← Back to Week 15: Cooperative & Dynamic Games

Day 103: Repeated Games and Folk Theorem

Phase VII — Game Theory for Optimization & Robotics | Week 15 | 2.5 hours Play once, defect. Play forever, cooperate — the shadow of the future changes everything.

OKS Relevance

Robots in a warehouse interact repeatedly at shared corridors, intersections, and charging stations. A robot that aggressively cuts off others gains short-term speed but faces retaliation tomorrow. The folk theorem guarantees that cooperative norms (yield at intersections, share corridors) can be sustained as equilibria when robots value future interactions — exactly the regime of a permanent fleet.


Theory (45 min)

103.1 Repeated Game Framework

Given a stage game $G$, the $T$-fold repeated game $G(T)$ plays $G$ for $T$ rounds. Players observe all previous actions (perfect monitoring).

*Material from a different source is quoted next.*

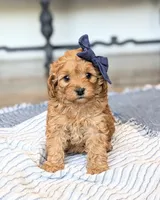 Petunia, a female Miniature Goldendoodle for sale in Oakville, IA – 1 of 1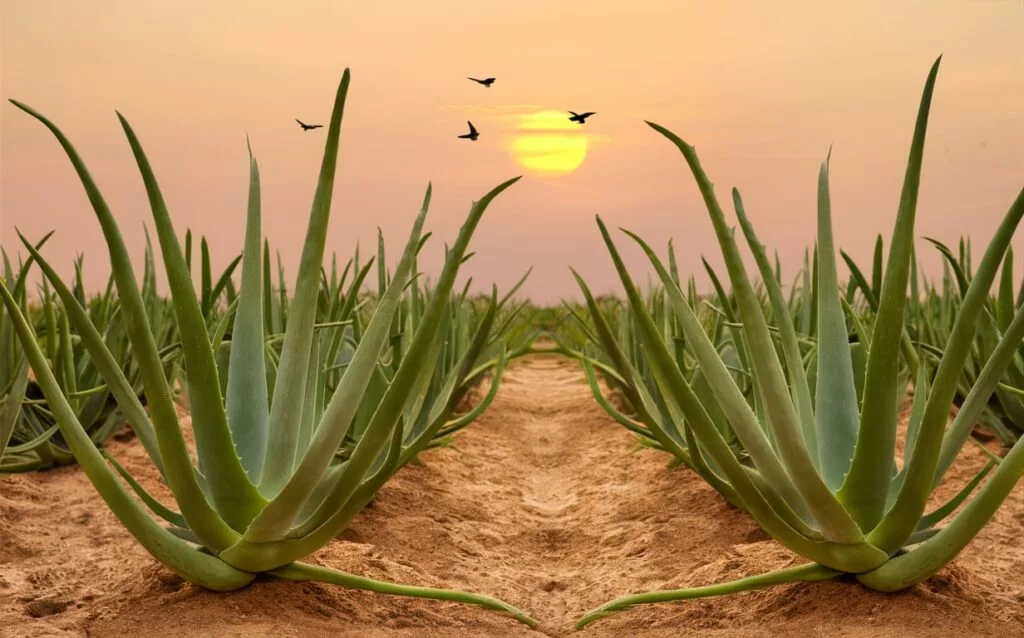 Aloe Vera farming in India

In the infinitely repeated game $G(\infty, \delta)$, player $i$'s payoff is:

$$U_i = (1 - \delta) \sum_{t=0}^{\infty} \delta^t u_i(a^t)$$

where $\delta \in (0, 1)$ is the discount factor and the $(1-\delta)$ normalization makes payoffs comparable to stage-game payoffs.

103.2 Trigger Strategies

Grim trigger: Cooperate until any player defects, then defect forever.

For the Prisoner's Dilemma with payoffs $R$ (reward), $T$ (temptation), $P$ (punishment), $S$ (sucker), where $T > R > P > S$:

Cooperation under grim trigger is an SPE iff:

$$\delta \geq \frac{T - R}{T - P}$$

Tit-for-Tat (TFT): Start cooperating. Then copy opponent's last action. - Simple, retaliatory, forgiving, clear. - Won Axelrod's tournament (1980).

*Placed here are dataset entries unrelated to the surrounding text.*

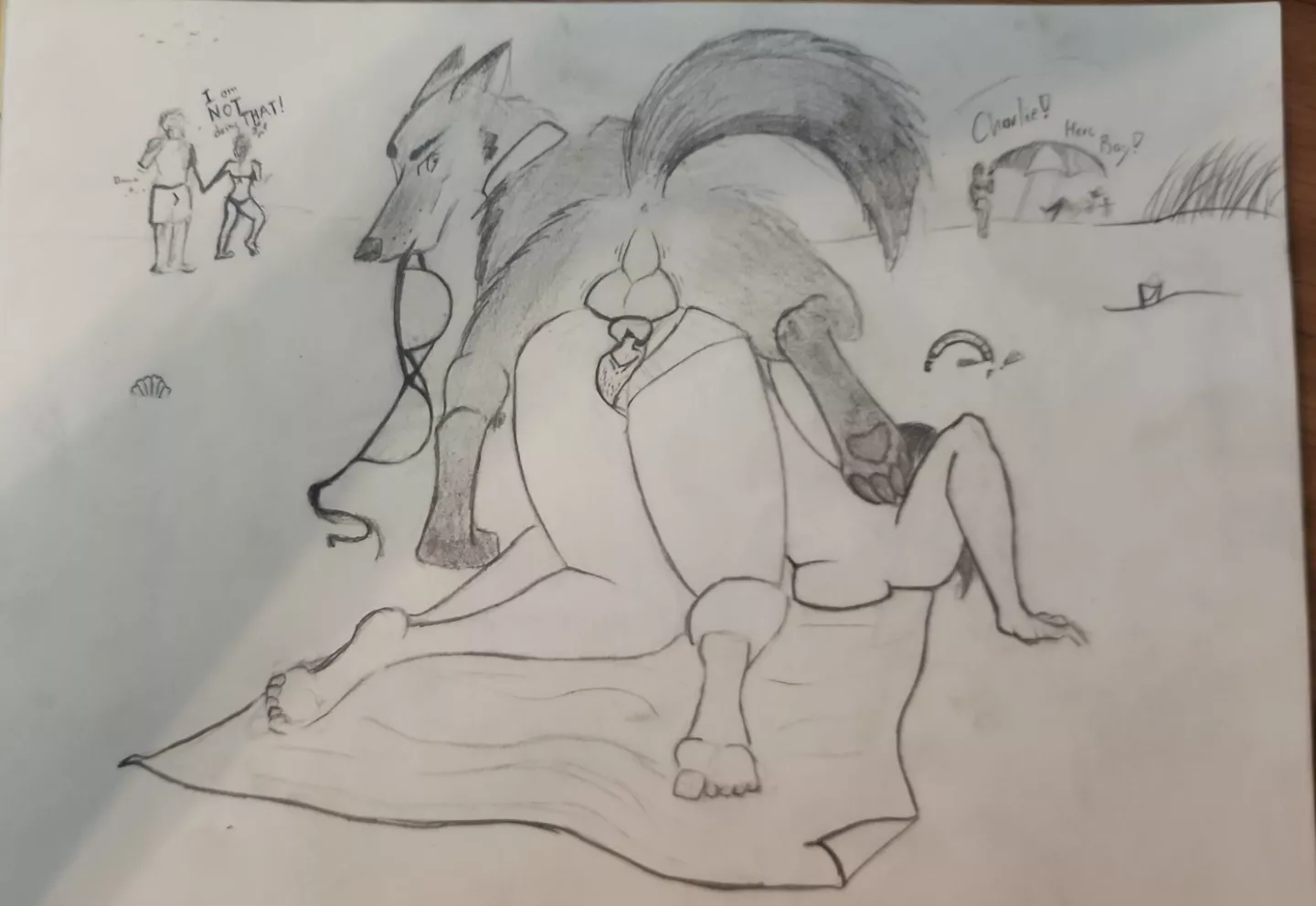 Somebody asked foe a more detailed version. By me.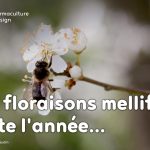 Liste des meilleures plantes mellifères pour nourrir les abeilles avec des floraisons toute l’année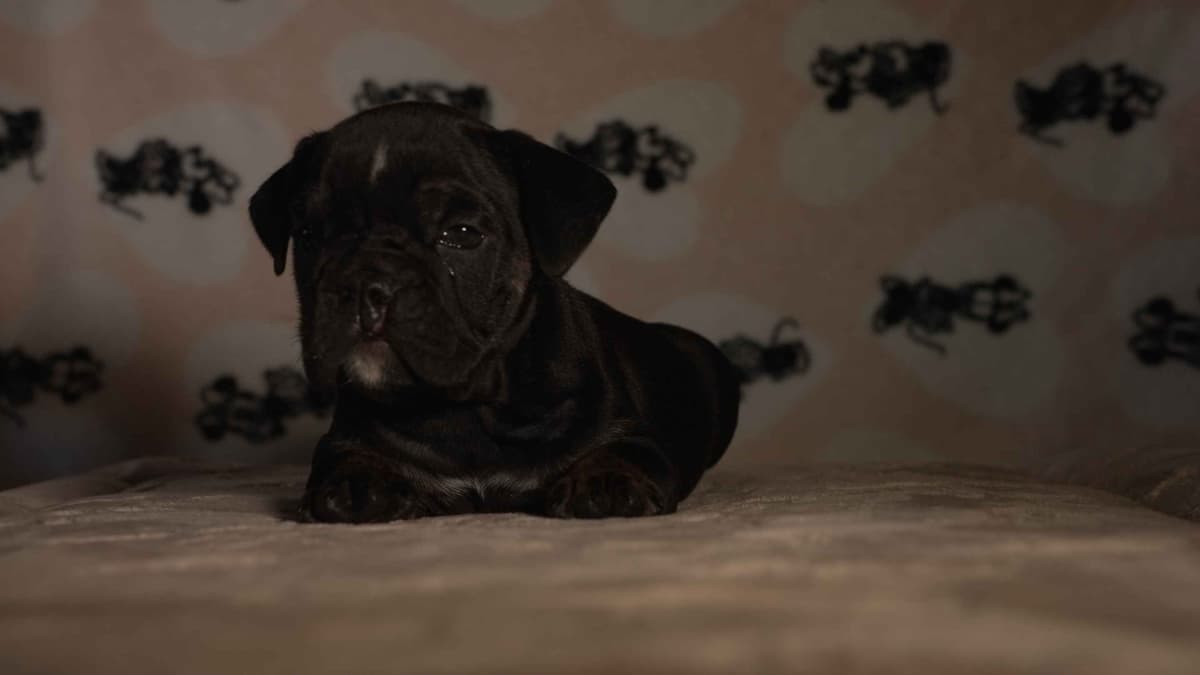 English Bulldog Puppies breeder image 6
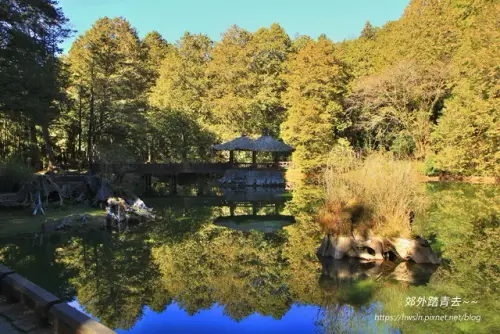 00010 阿里山湖光山色.webp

Win-Stay-Lose-Shift (Pavlov): Repeat last action if payoff was $R$ or $T$; switch if $P$ or $S$.

103.3 The Folk Theorem

The feasible payoff set $F$ is the convex hull of all pure-strategy payoff vectors.

The minmax value for player $i$: $\underline{v}_i = \min_{a_{-i}} \max_{a_i} u_i(a_i, a_{-i})$.

A payoff vector $v$ is individually rational if $v_i \geq \underline{v}_i$ for all $i$.

Folk Theorem (Friedman 1971): Any feasible, individually rational payoff vector $v$ with $v_i > \underline{v}_i$ can be sustained as a Nash equilibrium of $G(\infty, \delta)$ for $\delta$ sufficiently close to 1.

Stronger version (Fudenberg-Maskin 1986): Under full dimension condition, any feasible strictly individually rational payoff is achievable in subgame perfect equilibrium for large $\delta$.

103.4 Finite Repetition

For finitely repeated games with a unique NE in the stage game: backward induction gives the stage NE in every round. No cooperation emerges.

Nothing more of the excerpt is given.